Reinsurers are set for a promising year of increased profitability driven by price increases during annual policy renewals and lower capital levels following 2017’s significant underwriting losses.
Moody’s expects significant catastrophe losses in 2017 to prompt further price increases in 2018, as already seen at the January 1st, 2018 renewals season.
Many reinsurers have entered 2018 with less capital than in previous years after absorbing last year’s record-level underwriting losses.
This combination of higher prices and reduced excess capital is likely to boost reinsurers’ return on capital, unless the industry is again hit with higher than expected catastrophe losses this year.
However, the influx of alternative reinsurance capital has put a damper on profitability levels compared to previous post-event price hardening cycles, and Moody’s doesn’t expect profit to return to pre-2013 levels.
Moody’s forecasts that yields on 10-year U.S., German and UK government bonds will increase to 3.4% (currently 2.9%), 1.33% (currently 0.65%) and 2.08% (currently 1.5%) by 2019.
Rising global interest rates are expected to give a further boost to reinsurers’ profitability; firms with shorter duration investment portfolios (three to five years) are likely to be among the first to benefit.
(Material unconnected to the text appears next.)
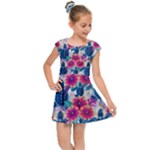 Tropical Flowers Turtles CBDOilPrincess Edf1ea6f-2cc5-4f0b-a5cc-9c146c7d79e4 Kids  Cap Sleeve Dress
In addition, price increases for property-catastrophe re/insurers will be supported by rising interest rates, said Moody’s, as return expectations for alternative capital investors increase over time and they either seek higher returns elsewhere or require increased pricing on the insurance risk they assume.
Therefore despite some re/insurers’ initial disappointment after January 1st price increases failed to live up to the hype, rising global interest rates, rate increases and lower capital levels point to an optimistic year ahead with the global economy and market conditions favouring gains in reinsurers’ return on capital.